Eigentlich nicht. Dieser Artikel soll auch absolut nicht dazu führen, dass sich einzelne Eltern von Kindern mit MCAD-Mangel in eine enge Abhängigkeit von irgendwelchen Nährwert-Tabellen begeben und ab jetzt bei jeder Mahlzeit die Zutaten aufs Gramm nachmessen, um hinterher genau zu wissen, wieviele Kalorien dem Kind damit nun wirklich zugeführt wurden. Es hat sich bei den Diskussionen im Forum aber gezeigt, dass den betroffenen Eltern mit der lapidaren Aussage der Stoffwechselambulanzen: “Ernähren Sie ihr Kind einfach völlig normal und machen Sie sich um nichts Gedanken!” nicht wirklich geholfen wird − vor allem dann nicht, wenn ein Kind trotz vermeintlich ausreichender Essensmenge beim Frühstück und Mittagessen im weiteren Verlauf des Tages schon mal Anzeichen eines einsetzenden Energiemangels gezeigt hat.

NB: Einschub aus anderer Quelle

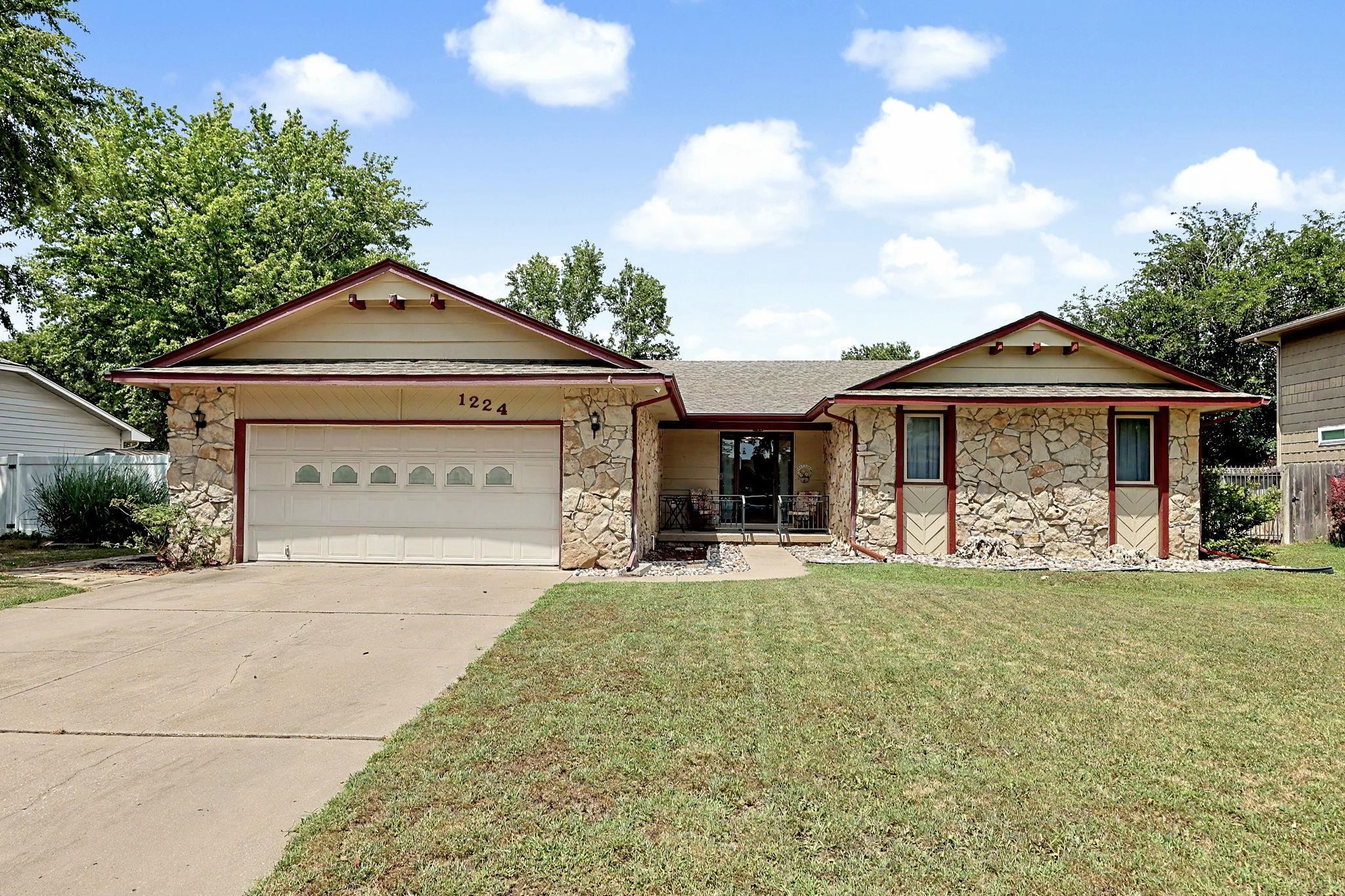 1224 N Armstrong Ct. — photo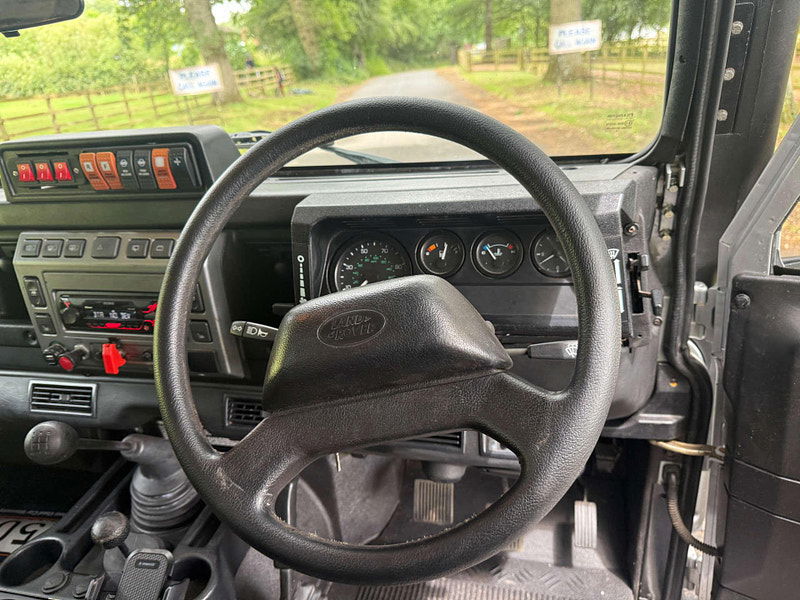 Land Rover Defender 90 2.5 Defender 90 TD5 4WD 2dr Manual 2025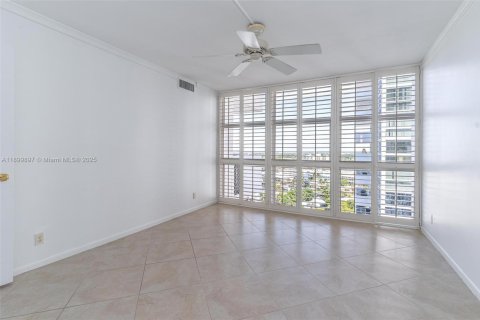 Copropriété à vendre à Fort Lauderdale, Floride: 2 chambres, 111.48 m2 № 1952619 - photo 12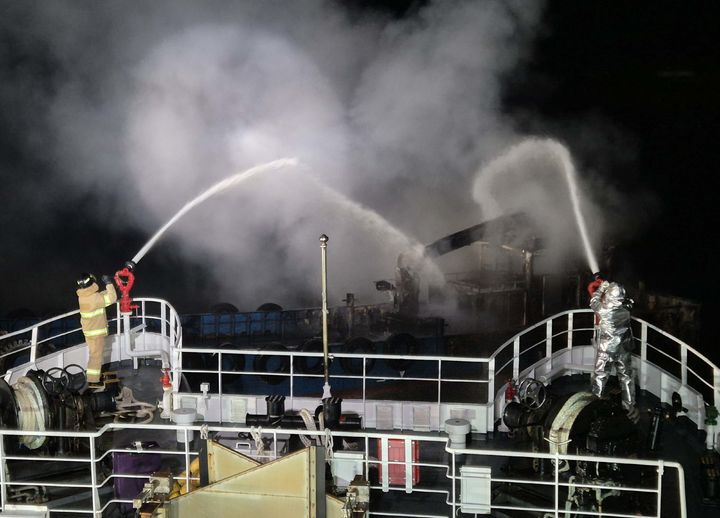 [여수=뉴시스] 변재훈 기자 = 16일 오전 1시4분께 전남 여수시 만흥동 한 항구에 정박된 2692t급 석유제품운반선과 인근에 계류 중이던 24t급 소형 화물선 B호에 잇따라 불이 나 해경이 진화 작업을 벌이고 있다. (사진=여수해경 제공) 2025.08.16. photo@newsis.com *재판매 및 DB 금지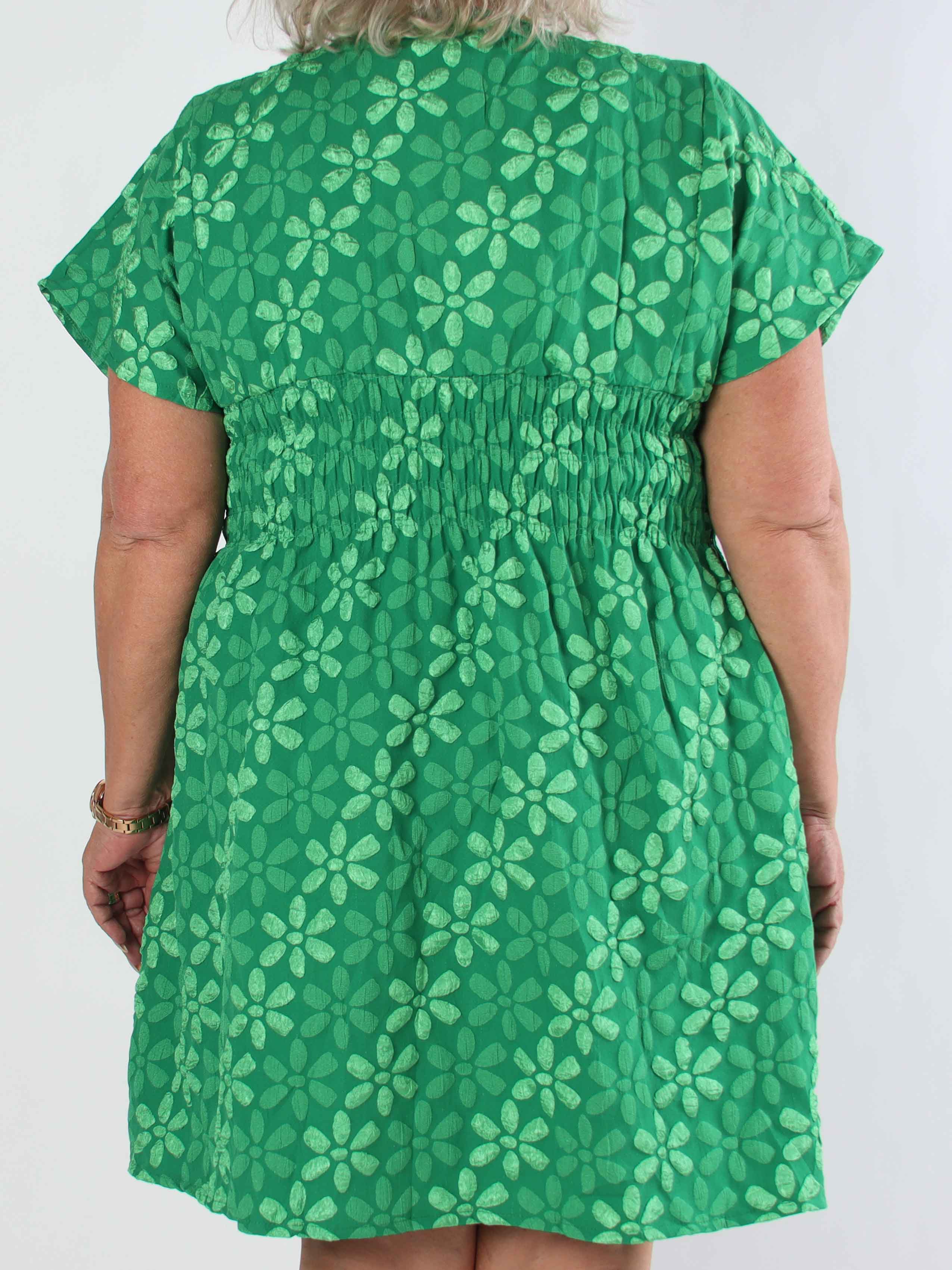 Pams Bloom Short - Feminin plus size klänning med blomstermotiv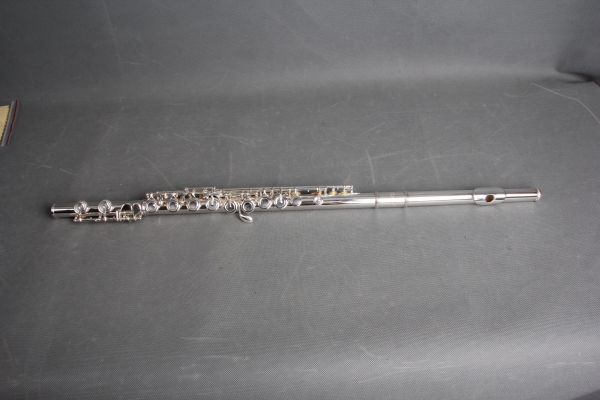 ZAFIRO ZFL161S FLAUTA ZAFIRO CUERPO NIQUEL PLATEADO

Deshalb ist das Hauptanliegen dieses Artikels, allen Interessierten einen nachvollziehbaren Einblick in den Energieverbrauch eines Kindes und den Energiegehalt verschiedener gängiger Nahrungsmittel zu vermitteln. Im Lauf der Zeit sollte sich bei jedem ein Gespür dafür entwickeln, ob die täglichen Mahlzeiten den Energiebedarf des Kindes wirklich decken und eine sinnvolle und ausgewogene Vielfalt bieten, oder ob es sich im Gegensatz dazu vielleicht ständig an den falschen Sachen satt isst, die auf Grund des MCAD-Mangels keinen wirklichen Beitrag als Energielieferant leisten.

Bevor mit den eigentlichen Ausführungen begonnen werden kann, müssen aber erst ein paar grundlegende Sachverhalte geklärt werden:

Warum ist alles immer nur durchschnittlich zu sehen?

In den folgenden Abschnitten wird ganz oft darauf hingewiesen, dass es sich um “Durchschnittswerte” handelt. Warum wird das aber immer so betont?

Wie fast überall im Leben gibt es auch bei diesem Thema kein “So ist es!”, sondern allenfalls ein “In etwa dem Bereich spielt sich das ab!”. Sowohl der Energieverbrauch eines Menschen, als auch der Energiegehalt eines Nahrungsmittels ist völlig individuell zu sehen. Wenn unten z.B. der Ausdruck “bei durchschnittlicher Aktivität” verwendet wird, dann ist das ein notwendiger Kompromiss, um wenigstens irgendeinen Bezugspunkt für weitere Berechnungen nutzen zu können. Natürlich können dabei sowohl Kinder, die am liebsten die Wand anstarren, als auch Kinder, die den ganzen Tag nur rumtoben wollen, nicht gezielt berücksichtigt werden.

Kalorien, Kilokalorien, Joule − was denn nun?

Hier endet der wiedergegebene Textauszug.